He grinned with a flash of white teeth against the deep brown of his face. “That’s where I got you, Taff. There is a Lieutenant Norris, and he is registered at the hotel, and he is from New York. But he’s on an extradition case. If I can’t give him something to get his teeth into by tomorrow night, he has to start back with his man.”

He fell silent, and the talk around him was meaningless. It had to be a clever trap. There was nothing Falkner could know. Nothing. But the man was clever. It took cleverness to locate a body sixteen hundred miles away, a body that had been searched for by experts. They might not find it. Probably they would. He hadn’t risked going back to see if the dirt had settled. The laboratories would go to work on the body. He had carried the body a short distance. Could some microscopic bit of evidence have been left?

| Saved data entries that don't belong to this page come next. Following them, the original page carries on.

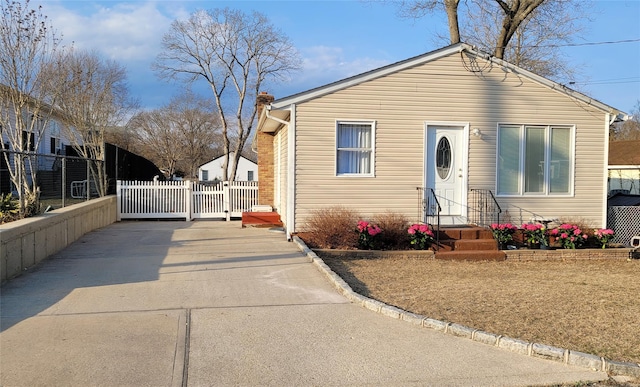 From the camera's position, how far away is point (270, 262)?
8.66 metres

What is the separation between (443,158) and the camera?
11586mm

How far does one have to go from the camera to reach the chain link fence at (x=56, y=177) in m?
10.1

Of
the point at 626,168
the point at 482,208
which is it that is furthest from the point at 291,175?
the point at 626,168

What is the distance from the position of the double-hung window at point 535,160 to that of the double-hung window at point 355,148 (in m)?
3.10

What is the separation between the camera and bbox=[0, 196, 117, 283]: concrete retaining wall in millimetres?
7016

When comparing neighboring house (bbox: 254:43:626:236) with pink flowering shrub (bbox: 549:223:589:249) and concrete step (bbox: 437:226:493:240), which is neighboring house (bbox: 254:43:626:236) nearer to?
concrete step (bbox: 437:226:493:240)

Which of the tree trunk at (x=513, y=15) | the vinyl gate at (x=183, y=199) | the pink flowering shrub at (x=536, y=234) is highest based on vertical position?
the tree trunk at (x=513, y=15)

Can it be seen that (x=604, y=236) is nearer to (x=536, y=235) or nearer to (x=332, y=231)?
(x=536, y=235)

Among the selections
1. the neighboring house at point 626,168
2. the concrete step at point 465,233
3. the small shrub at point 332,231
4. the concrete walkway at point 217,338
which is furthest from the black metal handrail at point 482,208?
the neighboring house at point 626,168

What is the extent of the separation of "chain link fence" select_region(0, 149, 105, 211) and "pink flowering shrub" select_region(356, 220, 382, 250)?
622 cm

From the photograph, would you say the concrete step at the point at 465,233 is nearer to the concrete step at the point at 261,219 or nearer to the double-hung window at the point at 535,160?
the double-hung window at the point at 535,160

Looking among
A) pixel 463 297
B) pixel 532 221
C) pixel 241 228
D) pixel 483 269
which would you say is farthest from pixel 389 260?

Dusk broke up the badminton doubles. The last set had been Guy Darana and June Luce against Georgie and Stacey Brian. Everyone had played in their swimsuits. Brian’s wiry quickness had made up for Darana’s advantage in height. Georgie was nursing a swollen underlip which, in some strange fashion, she had managed to club with her own racket.

All four were winded. Mick had wheeled the rolling bar out onto the edge of the court, plugging in the ice compartment at the outlet near the tennis court floodlights.

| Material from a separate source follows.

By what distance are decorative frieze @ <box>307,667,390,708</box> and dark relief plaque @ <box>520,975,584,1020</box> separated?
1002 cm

“Sometimes,” Stacey said, “it’s good to become bushed. When the infantry reluctantly let me go, I swore I’d never get
physically tired again for the rest of my life. Here I am, running around in the sun and beating on a cork with feathers sticking out of it.”

“Infantry!” Darana said with heavy disgust. “Why didn’t you pick yourself a branch?”

“Don’t tell me what you were, Guy,” Georgie said. “Let me guess. A fly boy. A hot pilot. A tired hat and nine rows of ribbons.”

“Not a hot pilot,” Guy said. “I pushed tired old transports and tankers around Asia. I was too big to fit into a fighter with any comfort. But old Prine here had the real deal. Warm food, good bed. All the luxuries. Of course they sank a couple ships under him, but the Navy was it.”

“How about Bill?” June asked. “What was he?”

“G-Two. Hell, I wish he’d come down out of his room and stop sulking.”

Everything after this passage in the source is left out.